Zainun selalu mengucapkan doa itu berulang-ulang selepas tahajud yang kerap ia kerjakan setiap malam.

***

Dua tahun telah berlalu dari kejadian tersebut. H. Bakar Sujaei adalah salah seorang pekerja dakwah dan telah mengabdikan diri untuk pekerjaan mulia.
"Semua telah siap, Bang."
"Terima kasih, Zainun. Kau telah setia mendampingku dan rumah tangga dan dakwah."
"Pergilah, Bang. Sampaikan dan tegakkan kalimat Allah. Walau nyawa menjadi taruhan."
"Kau benar, Zainun. Aku pun selalu memohon kepada Allah agar memberiku kesempatan syahid di jalan-Nya."
Saat ini H. Bakar Sujaei akan berdakwah selama 3 hari di salah satu masjid kota Selangor bersama Aminuddin putranya yang berusia 16 tahun.
Berawal dari perkenalan dengan sahabat yang berasal dari Pakistan mereka mengenal gerakan dakwah ini.
Semakin lama kecintaan terhadap dakwah telah dirasakan melebihi dari sekedar kewajiban tetapi telah menjadi salah satu kebutuhan yang tak dapat ditinggalkan.

***

"Burhan! Apa yang kau lakukan?"
Seorang Ibu memanggil pemuda yang sama sekali tak peduli atas seruannya.
"Pergilah ke masjid, jangan berguru pada orang yang salah. Ilmu hitam hanya akan menjerumuskanmu dunia dan akhirat."
Pemuda itu tak menjawab, hanya memberikan tatapan tajam penuh kebencian.
Kebencian yang telah mengakar dan merubah hatinya menjadi hitam, hingga tak lagi dapat membedakan mana kebaikan dan mana kejahatan.
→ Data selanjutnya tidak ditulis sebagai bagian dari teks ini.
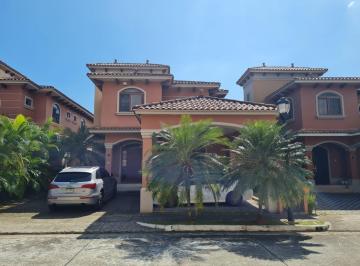 Casa · 323m² · 4 Recámaras · 3 Estacionamientos · Se Vende Casa en Costa Sur - El Doral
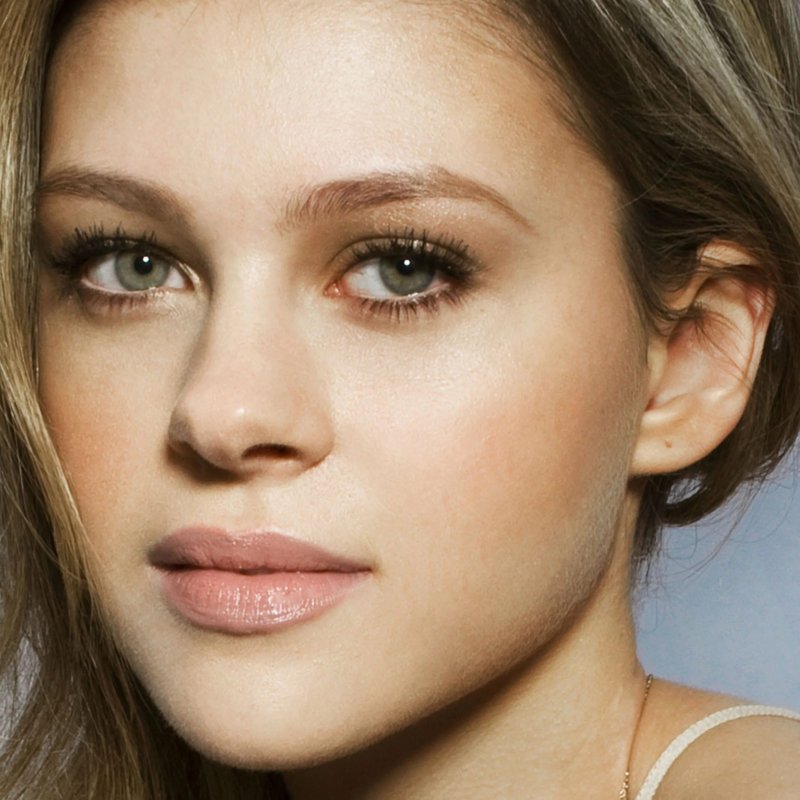 Nicola peltz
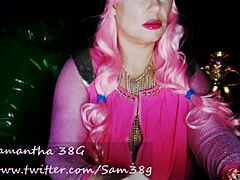 Samantha38g, een mollige MILF, speelt in de Fat Alien Queen Cosplay Live Cam Show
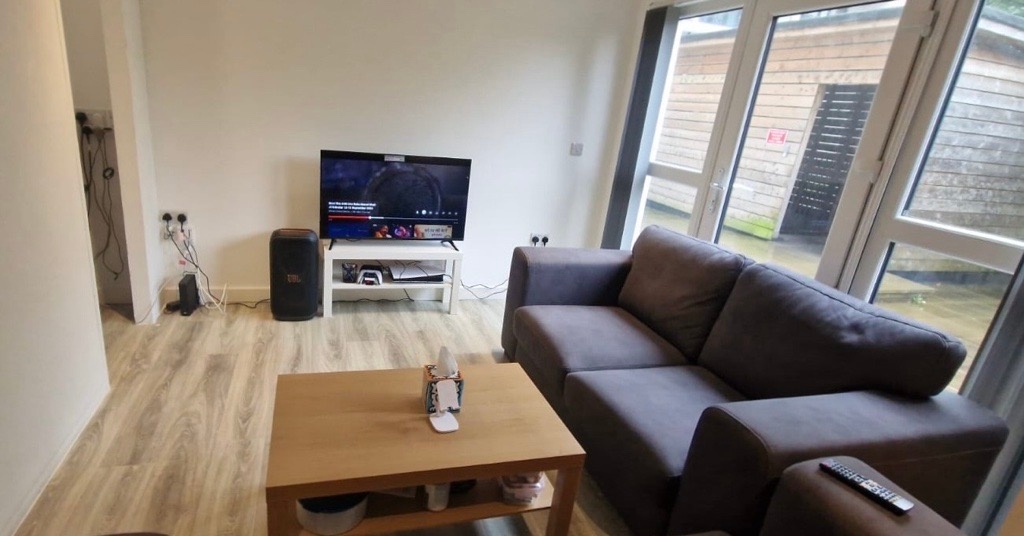 Additional image 3 of 2 Bed Flat, Bridge End, BT5, N1 7GU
Dia membenci semua yang ada di sekeliling, termasuk keluarga dan juga masjid tempat orang-orang saleh berkumpul tak elak menjadi sasarannya mengamuk.
Tak jarang dia keluar masuk bui karena ulahnya, bukan satu, dua keluarga yang tersakiti. Tetangga pun telah jengah dengan kelakuannya, sering ia dikurung secara paksa di dalam halaman berpagar tinggi yang terkunci, namun tak ada yang mengerti bagaimana caranya ia bisa keluar sendiri.

***
"Aminuddin, sudah siap kau, Nak? Ikutlah bersama Bak, Mak ridho atas usaha dakwah ini."
Zainun membelai lembut rambut putranya.
H. Bakar Sujaei berpamitan dengan istri dan kesepuluh anak lainnya.
"Jaga amalan ibadah di rumah, perbanyak baca Al-Qur'an dan kitab hadis bersama semua keluarga. Doakan agak Bak bisa syahid di jalan Allah."
"Aaamiin ... "
Secara bergantian mereka mencium tangan saat berpamitan.

***

Masjid Sungai Burung Selangor menjadi tempat tujuan jamaah selama 3 hari ke depan.
Hari pertama program berjalan dengan lancar tak ada kendala yang berarti.
Tapi, di luar masjid ada seseorang yang sangat tidak menyukai kehadiran mereka.
Dari balik terali pagar sepasang mata sadis memancarkan kebencian tanpa alasan memandang dari kejauhan, mengamati dan mengincar untuk melampiaskan amarah.
"Ba'da ashar nanti kita silahturahmi ke warga di sekitar masjid ini, kita bagi tiga rombongan. Dua rombongan silahturahmi dan satu rombongan tetap berada di dalam masjid."
H. Bakar Sujaei selaku pemimpin rombongan mengatur membagi tugas.
"Assalamualaikum ..."
H. Bakar Sujaei berucap salam saat melintas di depan sebuah pagar terali yang terkunci.
Bukan jawaban yang didapat melainkan seringaian dan tatap mata kejam penuh kebencian.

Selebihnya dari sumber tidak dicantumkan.